Dentre os rituais prescritos na
lei mosaica, nenhum era mais radical do que a circuncisão. Trata-se de um
procedimento cirúrgico no qual se remove o prepúcio, a pele que recobre a
glande do órgão reprodutor masculino, tão invasivo e traumático quanto o corte
do cordão umbilical. Diferentemente de outras cerimônias como as que exigiam o
sacrifício de animais, a circuncisão deixava uma marca no corpo do indivíduo.
Na verdade, a circuncisão foi
instituída bem antes da lei, servindo de selo da aliança entre Deus e os
descendentes de Abraão. Todo filho varão deveria ser circuncidado ao oitavo dia
(G.17:10-12). O próprio Jesus precisou ser submetido ao rito.
Atualmente, muitos defendem a
circuncisão como uma medida de higiene, útil para impedir o acúmulo de secreção
genital no espaço entre a glande e o prepúcio, região comumente foco de
infecções. Pesquisas apontam os benefícios práticos da circuncisão como a
redução de infecções urinárias, câncer peniano e câncer do colo do útero nas
parceiras, doenças sexualmente transmissíveis, dentre as quais o HIV. Apesar do
valor atribuído pela medicina moderna à prática, gostaria de propor uma
investigação bíblica em busca de seu sentido simbólico/espiritual.

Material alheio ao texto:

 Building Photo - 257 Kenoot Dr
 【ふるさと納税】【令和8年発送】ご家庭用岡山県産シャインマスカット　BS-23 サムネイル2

O escritor sagrado diz que os
ritos e cerimônias da lei têm “a sombra dos bens futuros, e não a imagem exata
das coisas” (Hb.10:1). Paulo complementa dizendo que a realidade para a qual
eles apontam se encontra “em Cristo” (Col.2:16-17). Portanto, muito mais do que
uma medida higiênica e preventiva, a circuncisão encerra em si um significado
mais amplo e profundo.
Bem da verdade, a circuncisão
acabou se tornando motivo de muita controvérsia na igreja primitiva. Alguns
discípulos judeus achavam que qualquer gentio que se convertesse à fé deveria
se submeter ao rito. Somente assim, o novo convertido seria aceito na
comunidade dos cristãos, sendo oficialmente incluído entre os descendentes de
Abraão.
Paulo foi um dos que mais
combateram tal crença. Segundo o apóstolo, o que antes era um sinal da aliança
entre Deus e Abraão, agora se tornara numa ferramenta para manter as pessoas
reféns de uma religiosidade frívola e vã.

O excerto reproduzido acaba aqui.